Photo by Jeffrey Johnston. Courtesy of the National WWII Museum

The master plan for the official WWII museum of the United States was released in June 2005; a six-pavilion vision would weave together the disparate aspects of the war, illuminate its many theaters of battle, and reveal its complex impact on Americans, then and until today. That vision was abruptly derailed by Hurricane Katrina a few months later. “There were questions about whether we’d ever get back on track,” recalled Huxen. But by 2009, the museum expanded to the former Louisiana Building, a derelict brewery in the Warehouse. Besides housing the American Sector restaurant and BB’s Stage Door Canteen, this building is also home to the Solomon Victory Theater where the bespoke 4D film, Beyond All Boundaries, debuted. Still the museum’s most popular stop, the film was a game changer, said Huxen.

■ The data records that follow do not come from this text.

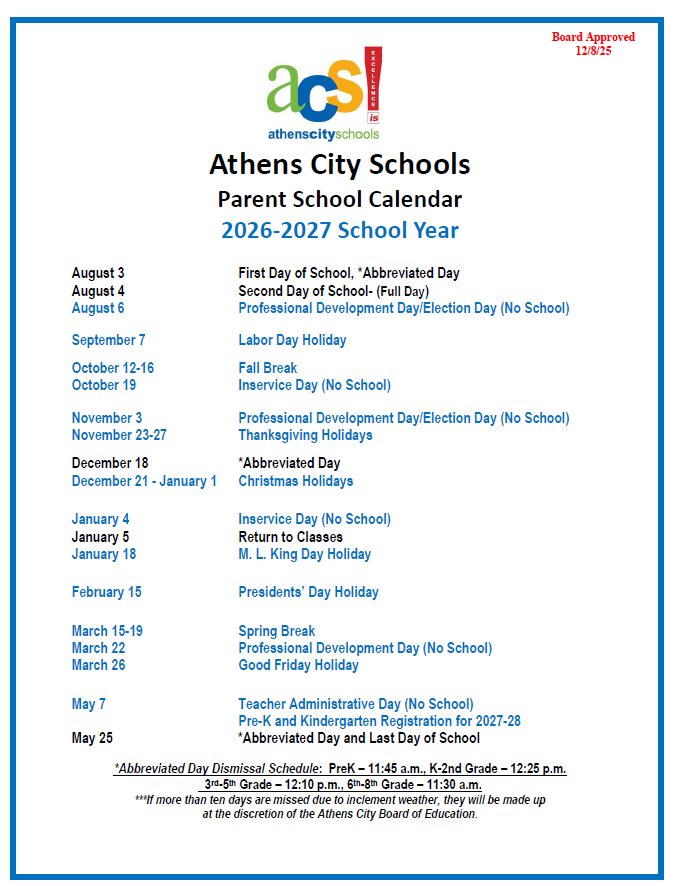 2627 Parent Calendar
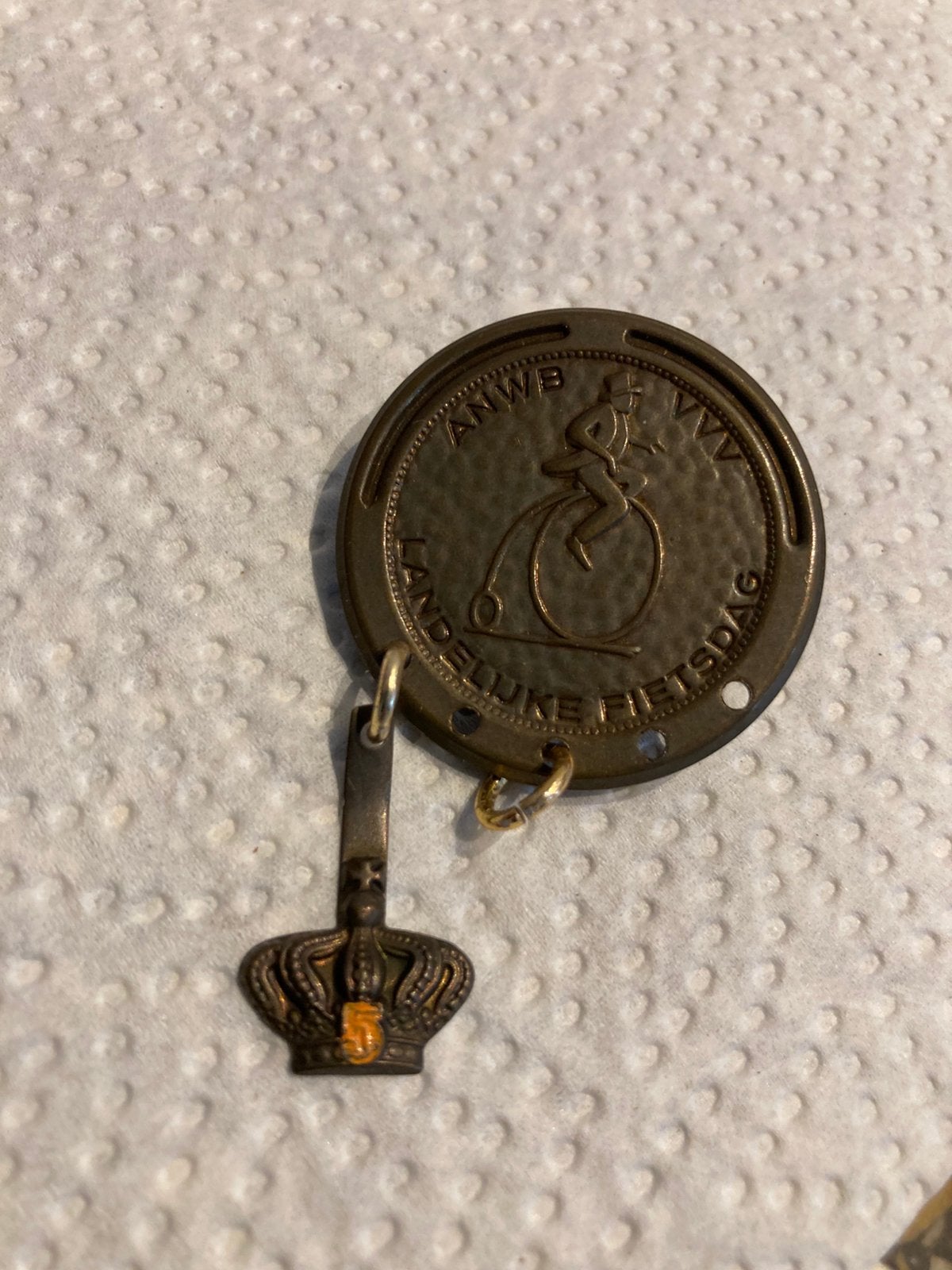 Fiets medaille, Ophalen of Verzenden, Overige materialen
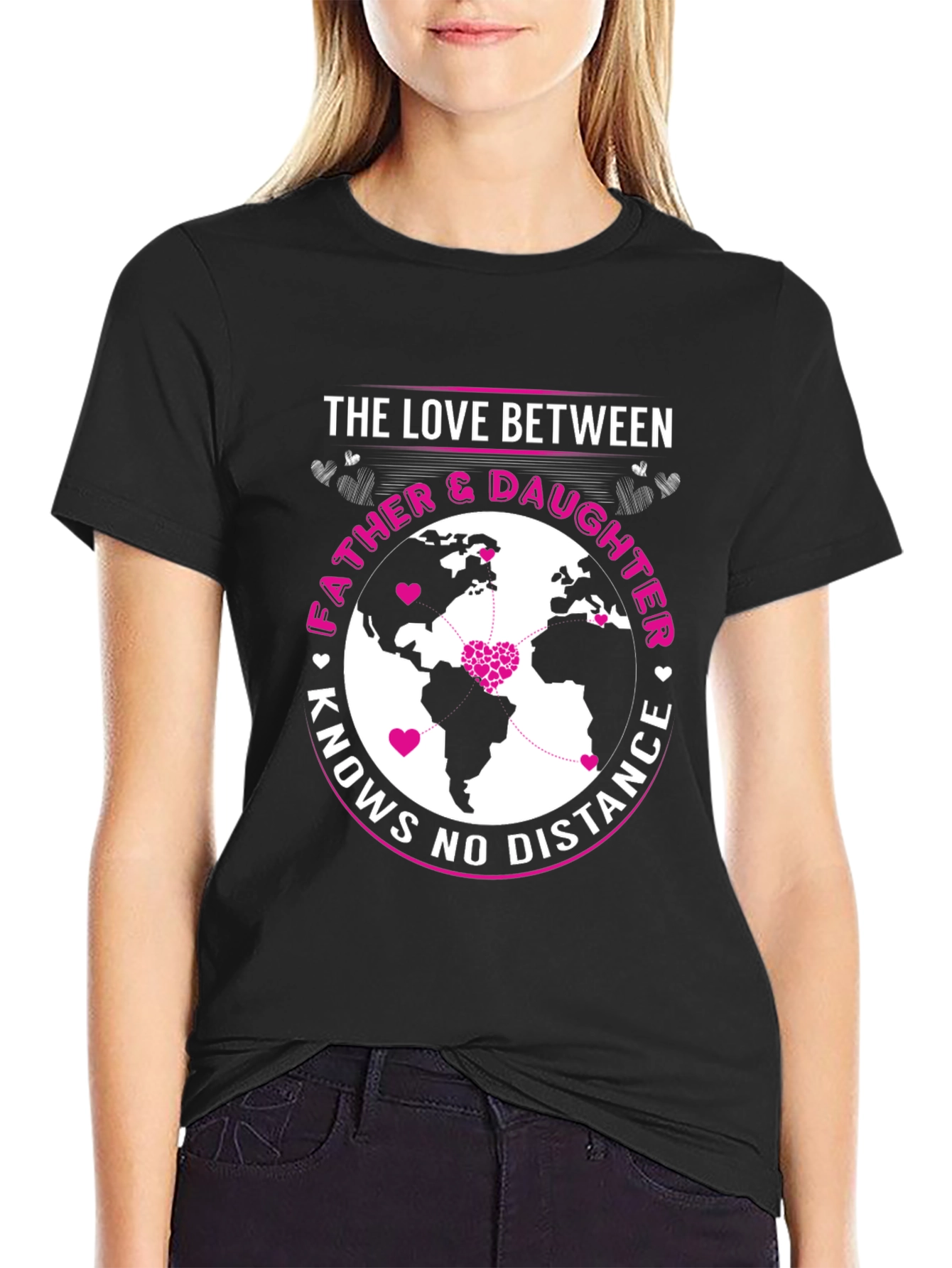 Father & Daughter Love Knows No Distance T-Shirt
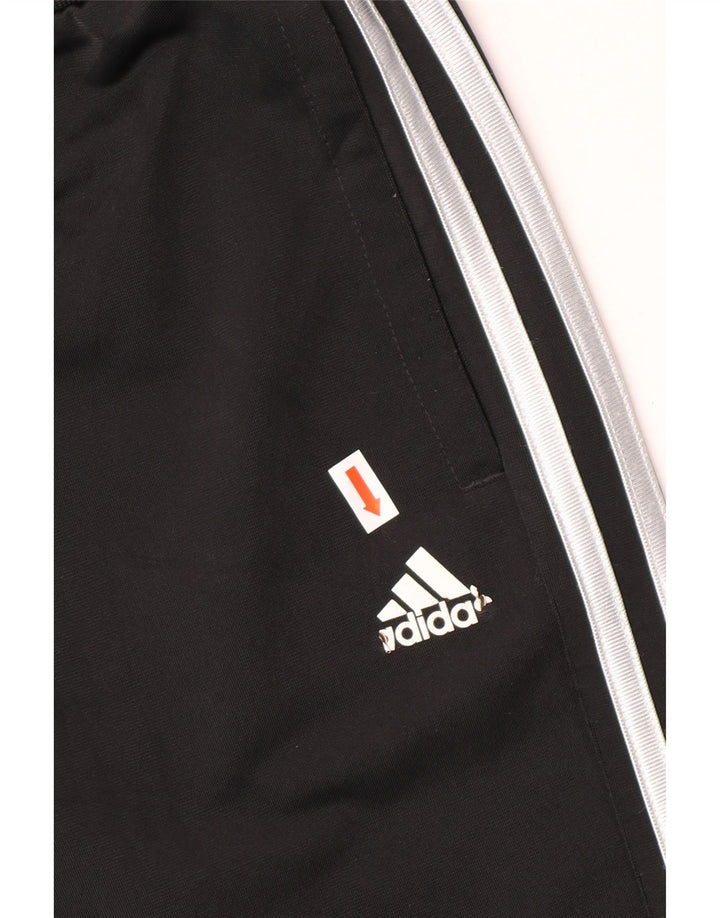 Adidas meninos calças de treino joggers 15-16 anos XL preto poliéster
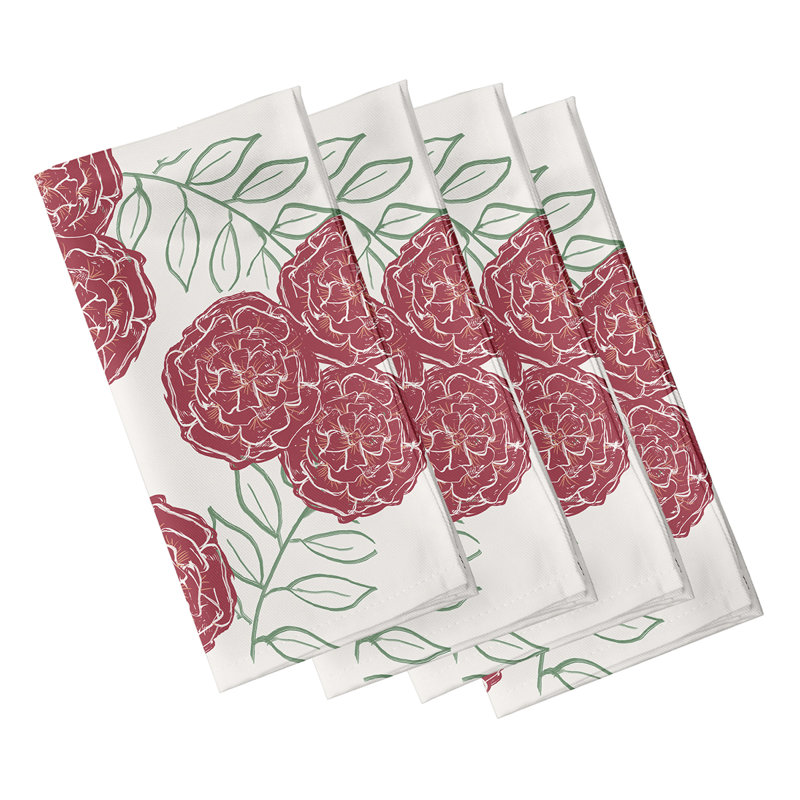 Chinua Small Modcircles Napkins, Red
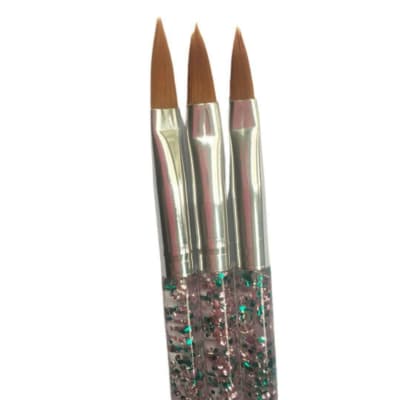 PINCELES PARA UÑAS ARTIFICIALES ACRILICO N6-N8-N8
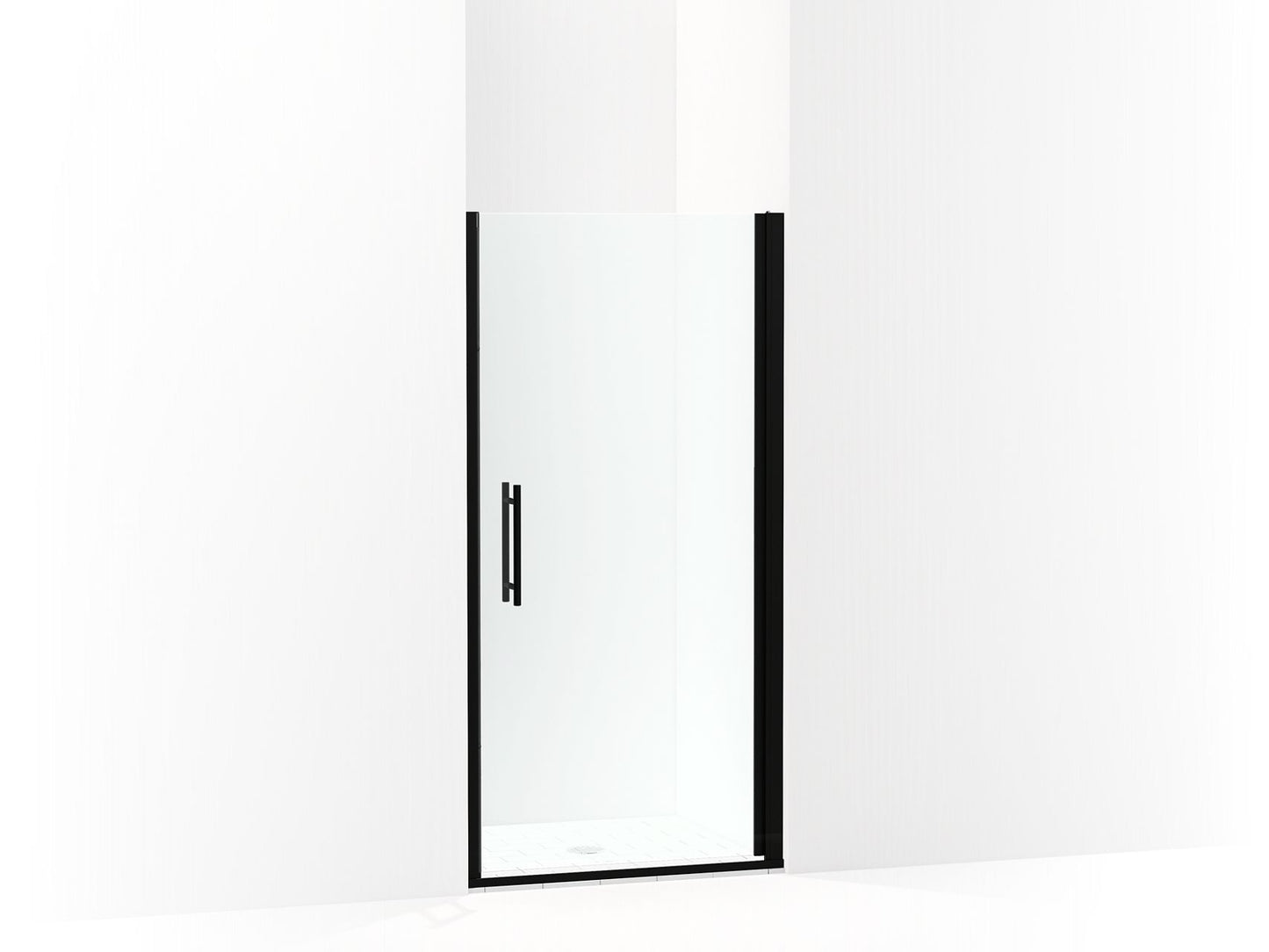 Sterling 5698-33 Finesse Headerless Frameless Pivot Shower Door 33" Max Opening x 67" H, Matte Black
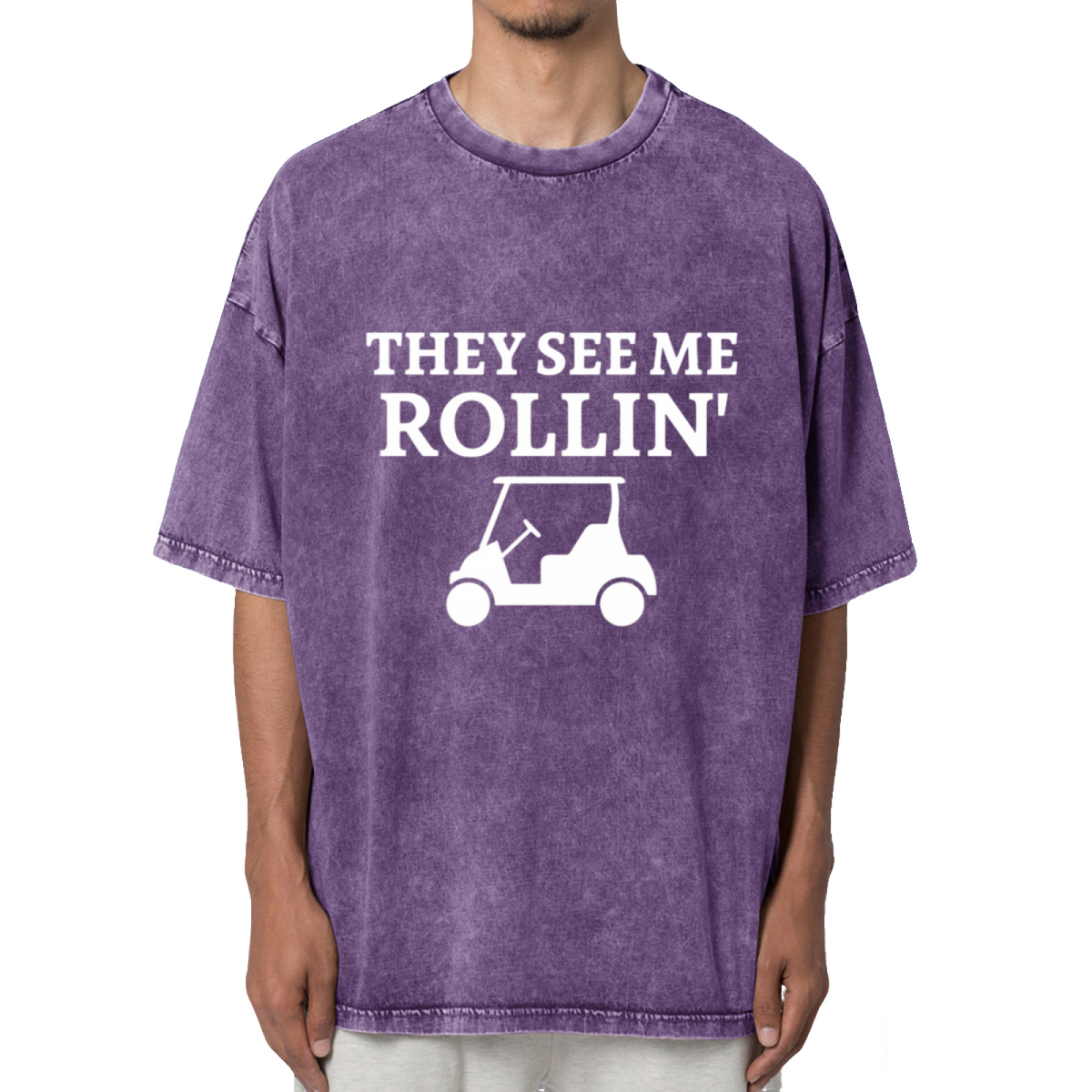 They See Me Rollin Washed Graphic T-Shirt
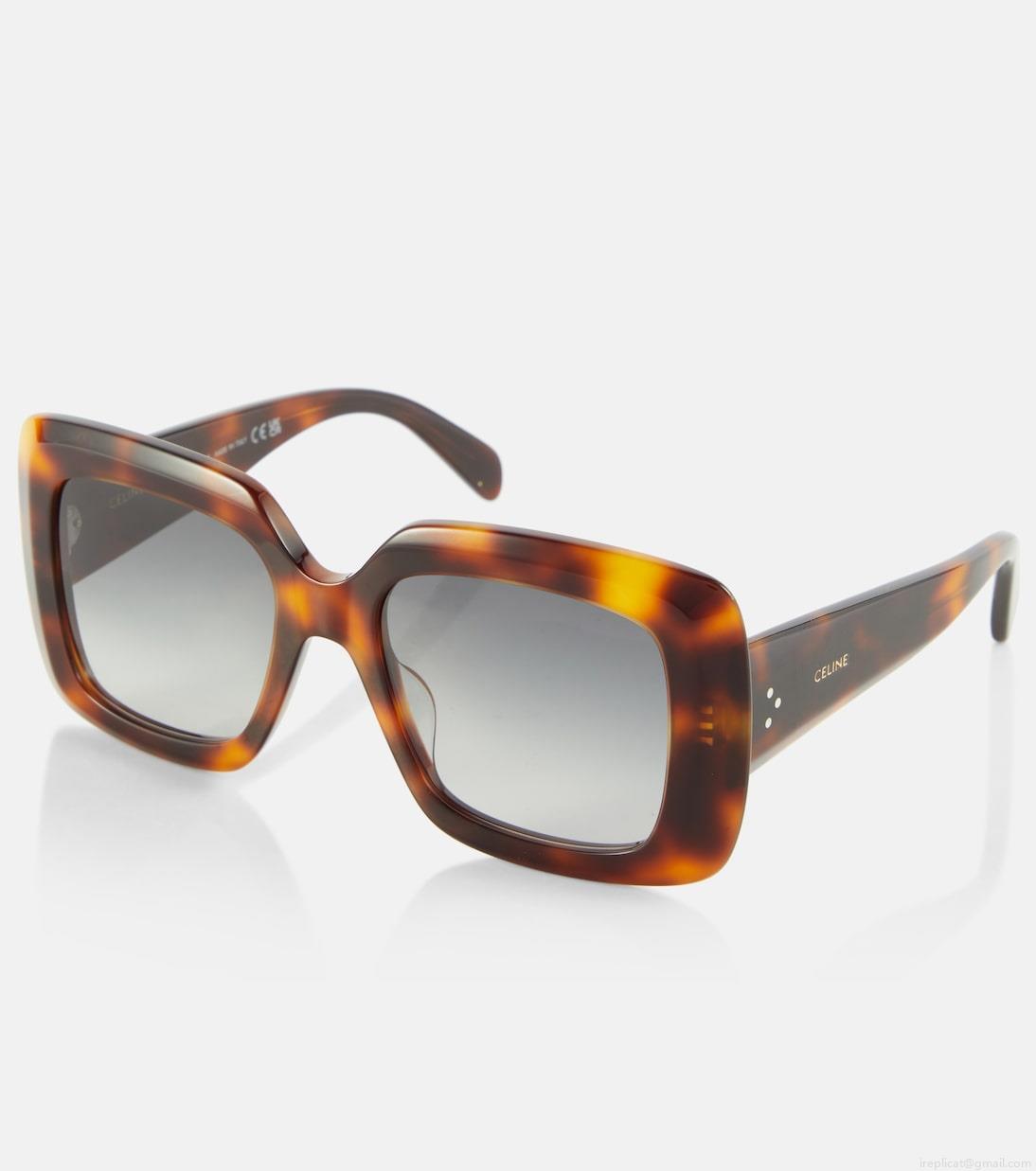 Celine EyewearBold 3 Dots square sunglasses Celine EyewearBold 3 Dots square sunglasses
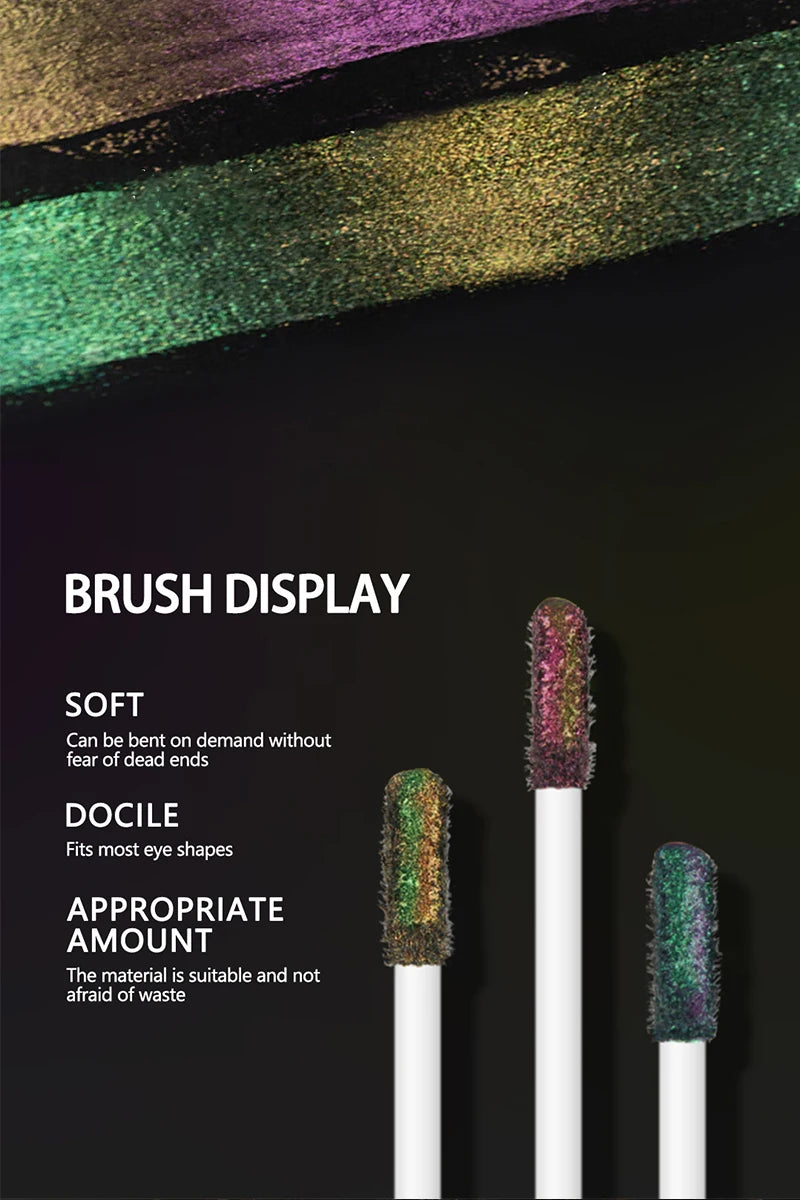 SabbaVie™ Chameleon Liquid Eyeshadow & Lip Glitter – Multi-Chrome Diamond Makeup for Eyes, Lips & Face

“Having Tom Hanks involved brought us to another level,” he said. Thanks to 4D technology, visitors are immersed in an impressive theme park-style attraction that combines education and entertainment in a stirring and inspiring package. From rumbling seats to high-tech sound and smoke effects, the film includes a generous amount of war footage and photographs that deliver a broad overview of America’s wartime experience.

In 2013, the museum opened the U.S. Freedom Pavilion, a soaring space hung with original World War II aircraft suspended from the ceiling, including a restored C-47 that dropped paratroopers over the fields of Normandy. Visitors can also tour the USS Tang Submarine Experience and peruse a tribute to Medal of Honor recipients. The Campaigns of Courage Pavilion opened in 2014 and includes the permanent immersive Road to Berlin exhibition, capturing stories of the war from December 1941 through 1945. The Road to Tokyo theatre gallery exhibit debuted in June 2017. 

“What started for us as telling this one story [of D-Day] has grown into telling the comprehensive story of the war and all its theaters,” —Dr. Robert Citino

“To this point, we’ve covered how we got into the war and what we were fighting for,” said Huxen. “Our next step was to address the home front.”  This look at what Main Street USA was like during the war touches on rationing and economics, along with an exhibit called United but Unequal, which peels back the layers of discrimination faced by African Americans as well as Americans of German, Japanese, and Italian descent. 

“The three-story Liberation Pavilion is the final piece, which will open in 2021,” he added. “The world is a smoking room at the end of the war, a wreck in 1945. These galleries will look at displaced persons, the after effects of the Holocaust, POW camps, the wounded warriors who returned home.”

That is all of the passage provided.